Deficiency of Weberian concept
At the same time, democratisation improvements must come to terms with the nature of the state that they seek to transform. The conventional understanding of the nature of the state has derived implicitly or explicitly from the teachings of the influential early 20th Century German scholar, Max Weber. For Weber, the state requires a monopoly of legitimate coercive capacity within a compulsory, territorially bounded, community.
Missing in that definition is any hint that the inhabitants of the state are citizens as distinct from passive subjects. I suggest there is ample evidence that the Weberian conception of the state is simply inadequate in the context, at a minimum, of contemporary sub-Saharan Africa. African peoples must assert their citizenship by participating in determining the terms upon which they acquiesce in membership in a state and to coercive capacity established for its protection and preservation.

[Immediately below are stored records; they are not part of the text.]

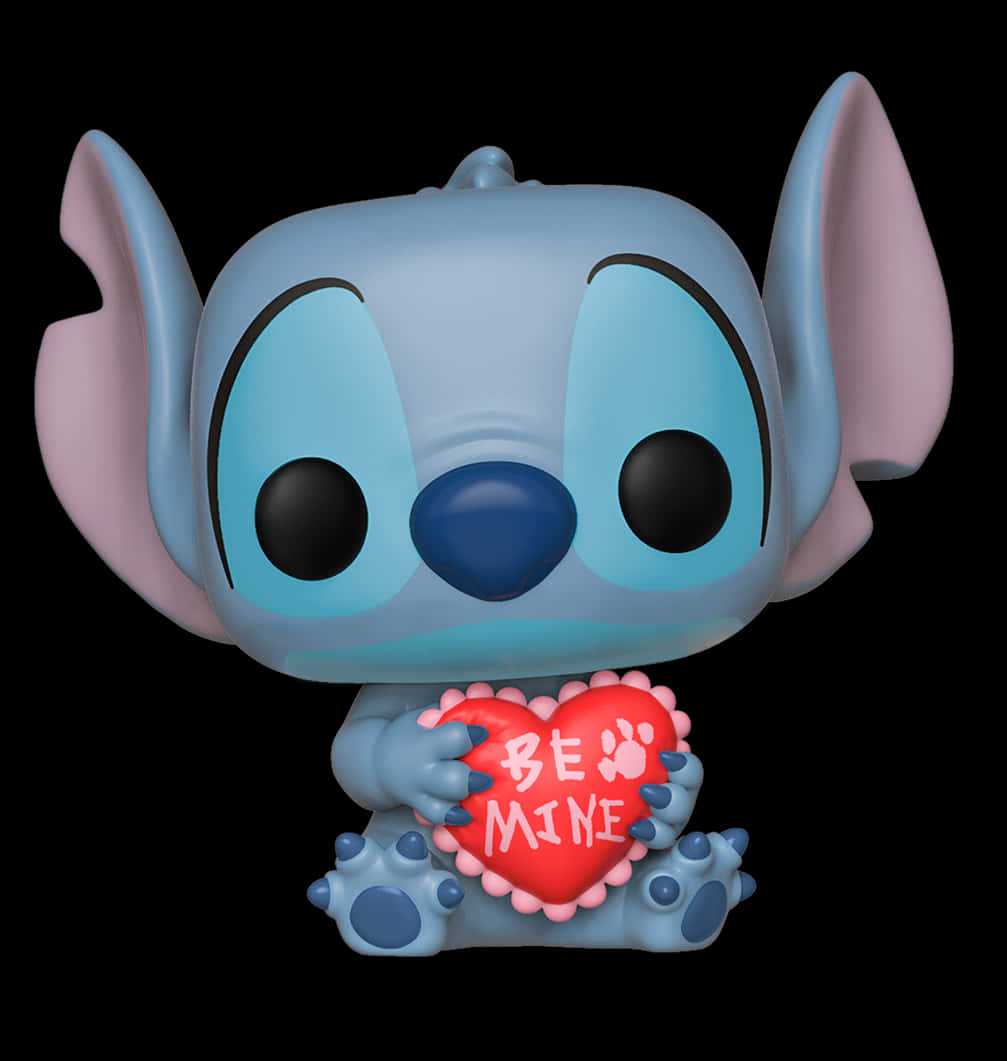 Stitch Valentines Figurine PNG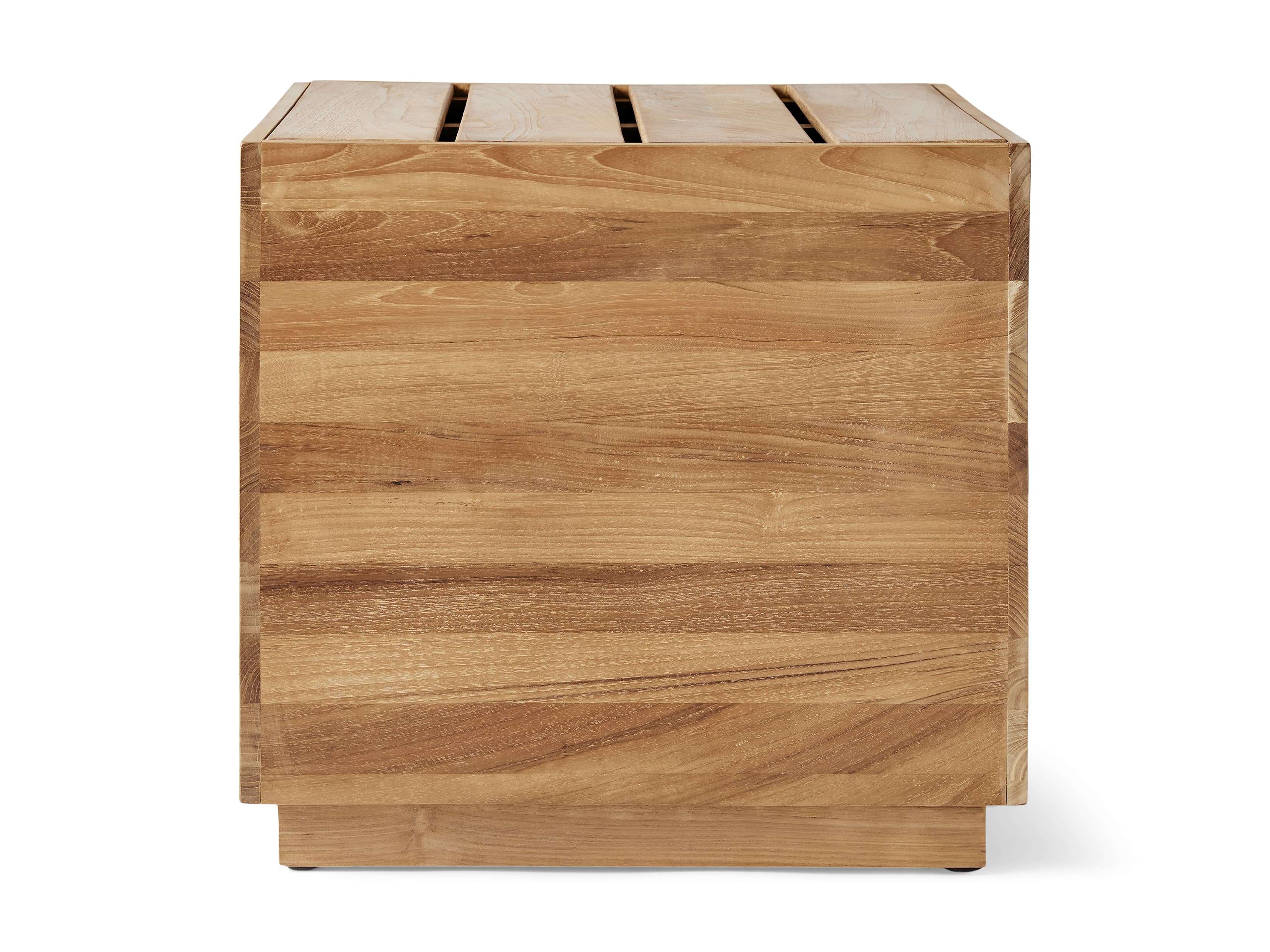 Bal Harbour Outdoor Teak End Table - Thumbnail 2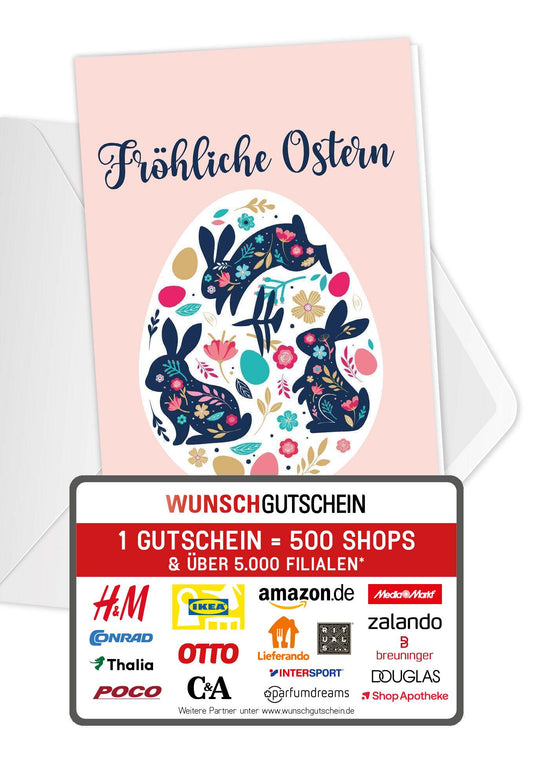 Fröhliche Ostern - Osterei Bunt
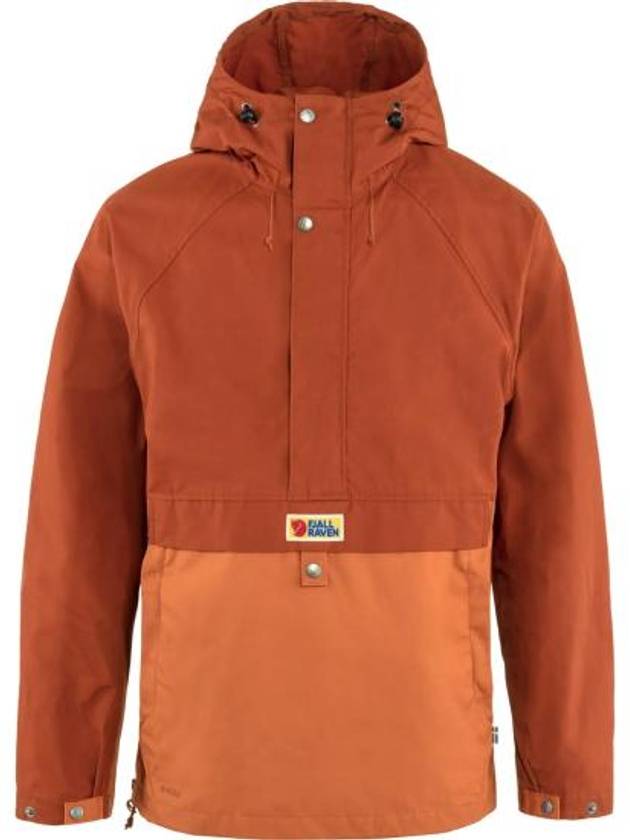 Men's Vardag Anorak Autumn Leaf Terracotta Brown - FJALL RAVEN - BALAAN 2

Constitutional deliberations are the most important means to this end, but I suggest that relatively few constitution writing processes have really met this standard in contemporary sub-Saharan Africa. Citizen participation has typically been limited to approval of constitutions drafted by experts and, beyond generous provisions for citizen rights, it is not clear how well new African constitutions have addressed what citizens of very different ethnicities, religions, and economic circumstances require to live in peace with one another within the state.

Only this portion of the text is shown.